A prisão e a soltura de Arimatéia

A prisão e a soltura de Arimatéia

O advogado Miguel Dias Pinheiro destaca hoje (14) em seu artigo, o que considera “repudiável coação” a manutenção da prisão do jornalista Arimateia Azevedo. O jornalista e colunista do Portal AZ encontra-se em prisão domiciliar há 33 dias.

Advogado Miguel Dias Pinheiro (Foto: reprodução/Facebook)

Leia o artigo na íntegra:

Poupo nosso leitor de analisar o mérito do processo-crime que ensejou a prisão do jornalista piauiense Arimatéia Azevedo, proprietário do Portal AZ. Devo me reportar sobre a parte técnico-processual da prisão. Mais precisamente sobre seu relaxamento ou revogação tanto pelo magistrado como por um colegiado, respectivamente.
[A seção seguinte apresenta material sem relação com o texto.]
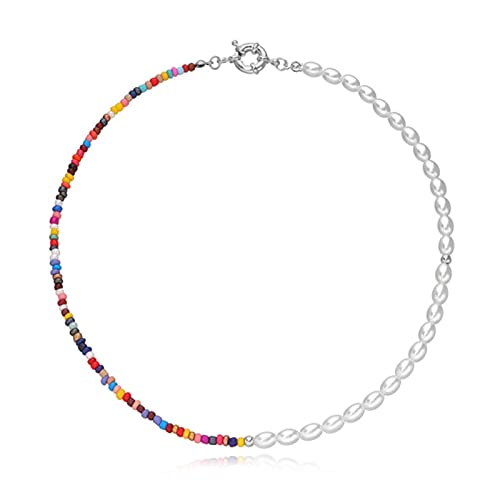 SDGBCXD, Bunte Reisperlen-Imitationsperlen-Halskette for Frauen in Gold- und Silberfarbe mit Fischlinien-Halsketten for Damen, Modeschmuck,Halsketten(Silver Plated) von SDGBCXD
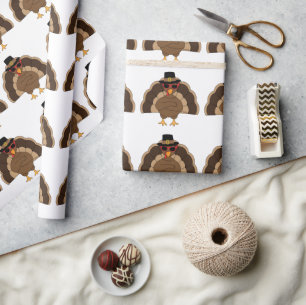 Cool Fun Turkije Thanksgiving patroon op wit Cadeaupapier
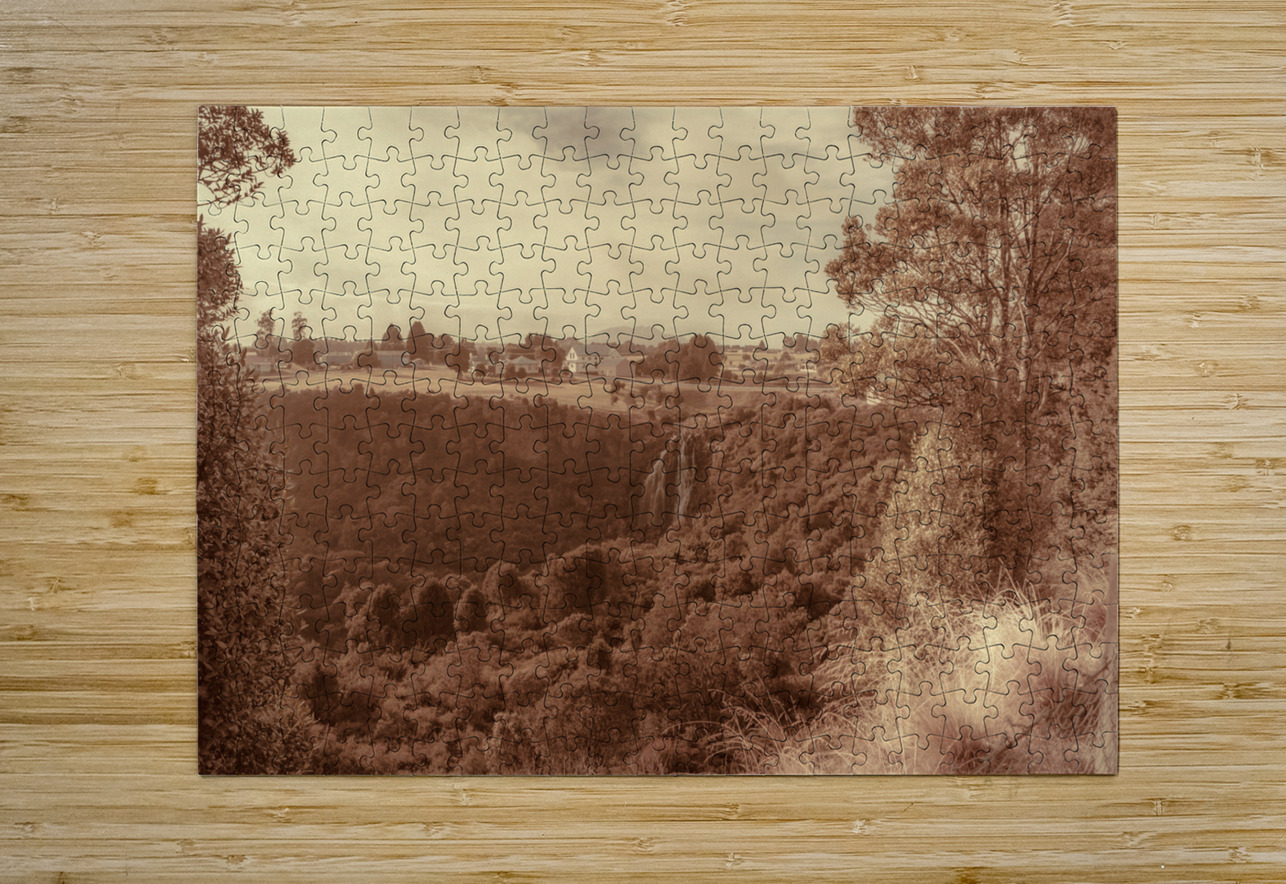 Vintage fine art landscape. Tasmania country towns Jorgo Puzzle printing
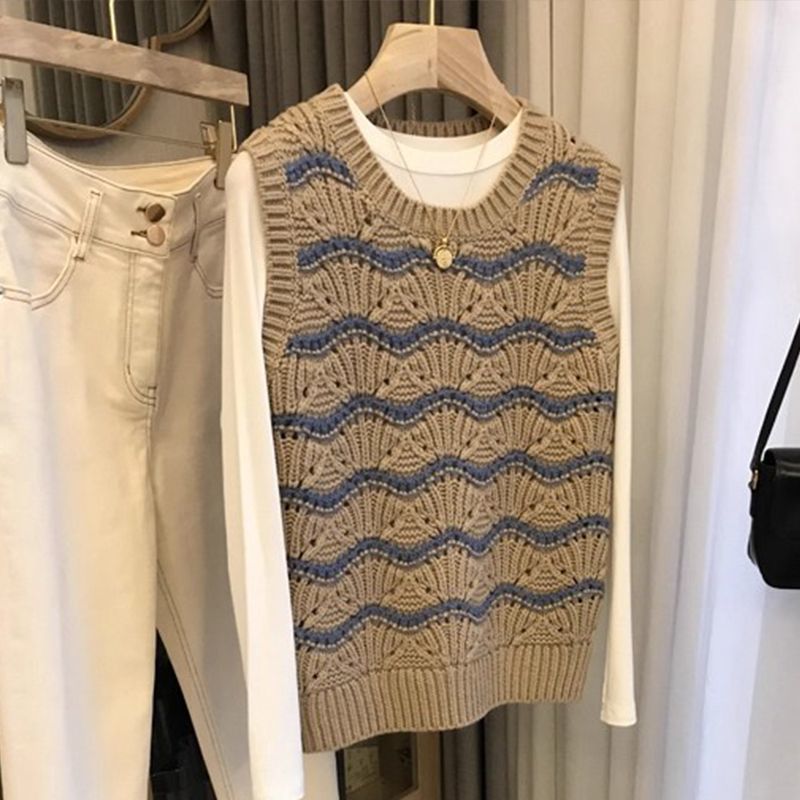 OD01416秋软糯慵懒风高级感欧货重工卡其色波浪条纹马甲针织毛衣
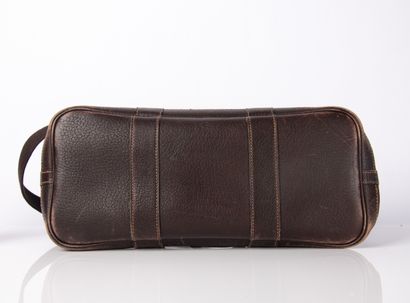 HERMES
Garden party bag in brown fabric and...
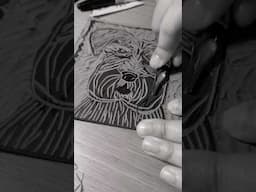 Trying Lino cutting for the first time! Carving a miniature schnauzer stamp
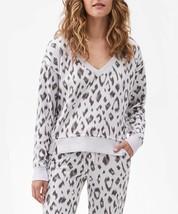 MICHAEL STARS Bone &amp; Black Leopard Camila Ikat V-Neck Sweatshirt Medium ... - £35.44 GBP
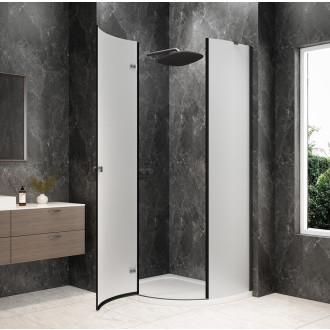 GLOBE GUN METAL čtvrtkruhový sprchový kout 1000x800mm, matné sklo, levé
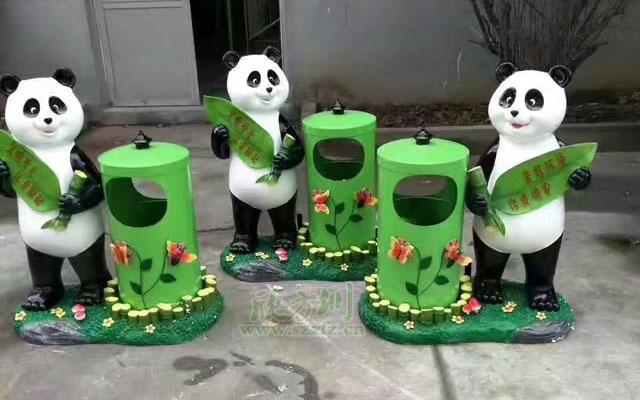熊猫造型卡通垃圾桶图片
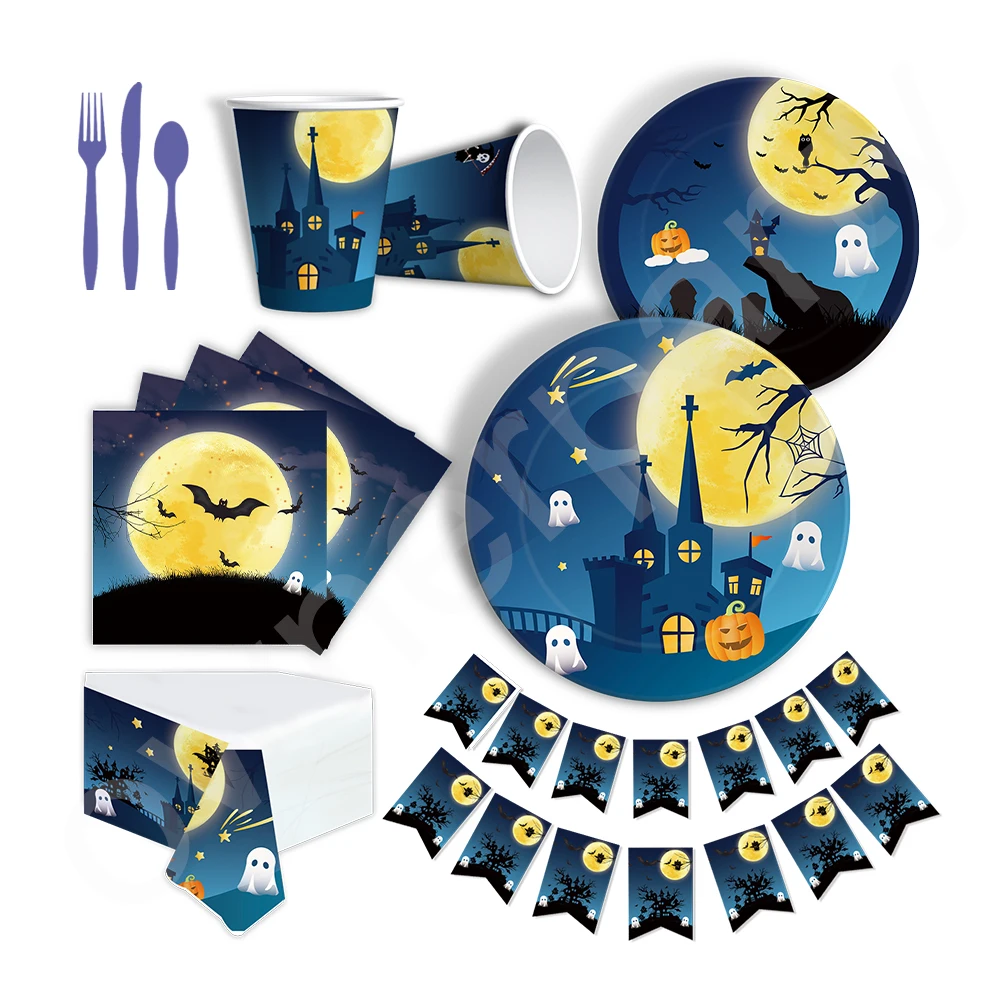 Party Supplies Free Sample Custom Printed Disposable Birthday Event Theme Party Tableware Sets With party balloons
Verificado qualquer crime, o “jus puniendi” emerge como direito-dever do Estado para impor determinada sanção a alguém que violou a norma jurídica protetora de algum bem indispensável ao convívio social.

Ainda que diante de suposta infração, ainda apurável, a prisão processual de alguém estará sempre sujeita ao princípio da proporcionalidade, marcada, portanto, pela provisoriedade e regida pela cláusula da imprevisão, da ‘rebus sic stantibus’, levando-se em consideração uma situação fática existente no momento do evento. Prisão que, em casos concretos como tais, deverá ser revista pelo juiz ou pelo tribunal por ausência ou não de motivos para atender, no mínimo, ao princípio da proporcionalidade.

Importante deixar bem claro que não se pode confundir “direito de punir” (condenação) com “direito ao devido processo legal” (prisão), quando nesta última hipótese se observam os direitos e as garantias fundamentais do investigado e, “a posteriori”, do denunciado.

Convenço-me da tese de ser inconcebível admitir-se que qualquer processo-crime possa ser visto como instrumento a serviço do “poder de punir”. Porque o respeito às garantias fundamentais não pode ser confundido com direito à impunidade. Não é pela prisão em si, mas pela condenação que exprime o legítimo “jus puniendi”.

O devido processo-penal-constitucional busca, acima de tudo, realizar a “justiça penal” e não a “vingança criminal”. Todo procedimento penal justo deve atentar, sempre, para a paridade de armas, para que qualquer “prisão processual cautelar” não se eternize no tempo e no espaço com feição antecipada de condenação.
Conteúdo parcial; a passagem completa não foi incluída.